Tristan Walker, Walker & Co. Brands’ founder and chief executive officer, said the distribution deal with Target is for its single-edge Bevel razor and shaving product line, a system targeting the men’s grooming category. The products will be available at select stores in the U.S. and on target.com beginning in 2016.
Target has been looking to expand product offerings in the multicultural category. Walker called the market “significant,” noting that there are still not enough products catering to the audience. He explained that “people of color” tend to spend big on beauty and personal care products.
Walker said his firm is working on a razor and complementary product line for women. The company hasn’t yet determined whether the two lines need to be different or if it’s just a matter of tweaking the existing line for men. The company is also working on a few product lines, with at least one that is expected to become available in 2016, for women. There’s also the possibility of a second brand that will be available for women as well. Walker declined to provide details about any of its brands in development for women.
Helping the company boost its research and development initiatives is the $24 million it raised. The round was led by Institutional Venture Partners, a venture capital firm. Also participating in the round are Andreessen Horowitz; Upfront Ventures; Daher Capital; Collaborative Fund; Google Ventures; Felicis Ventures and Melo7 Tech Partners. Individual investors include Earvin “Magic” Johnson; John Legend; Ron Johnson, as well as both the ceo and president of the San Francisco 49ers, Jed York and Paraag Marathe, respectively, among others. The previous raise was $9.3 million in June 2014, giving the company an aggregate raise of $33.3 million.
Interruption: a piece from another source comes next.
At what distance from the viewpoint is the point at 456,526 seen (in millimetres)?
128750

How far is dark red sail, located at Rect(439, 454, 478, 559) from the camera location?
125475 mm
Walker said a “good portion” of its Series A raise is still in the bank, but it elected to do the Series B so it could get “a little more aggressive” on the research and development front.
The current Bevel shaving system, until the Target deal, was sold only on the company Web site. Consumers from 15 countries routinely order the system and use a forwarding service to receive the order, Walker said. The ceo said that for the women’s lines that are planned, they too will first be sold on the company site. There are no current plans to have them be available at Target, although that option could be a possibility depending on how the Bevel line is received by consumers.
And while the goal of Walker & Co. is reportedly to be the “Black P&G,” Walker said, “Those words never came out of my mouth.” He explained that his goal is to build a company whose legacy is like a Procter & Gamble, a Johnson & Johnson or a Unilever.
Walker said he started the Bevel line based on a problem he’s had with razor bumps. Bevel’s single blade razor is meant for men with coarse and curly hair. Walker said that while the fix may be for a problem that’s led by men of color, the “audience for the product is not 100 percent black.”
As for the new women’s lines slated for next year that are in development, Walker declined to identify the category they’re in, such as skin care, cosmetics or hair care. Instead, Walker shifts the focus to problems that many cultures face, but where “people of color overindex on, such as hyper-pigmentation or a vitamin D deficiency.”
The R&D process for the women’s lines began at the beginning of this year, and feedback from the past three months on initial results now has the company “racing toward an introduction to the market.”
Somesh Dash, general partner at Institutional Ventures Partners, said, “Walker & Co. Brands is doing something that has not been done before — addressing the overlooked and unmet health and beauty needs of consumers of color.”
Earvin “Magic” Johnson, the retired NBA player and ceo of Magic Johnson Enterprises, said, “Magic Johnson Enterprises and Walker & Co. Brands share the same mission of making a positive impact on multicultural communities. African-Americans want quality products that meet our unique needs and we overindex in spending when it comes to consumer goods.”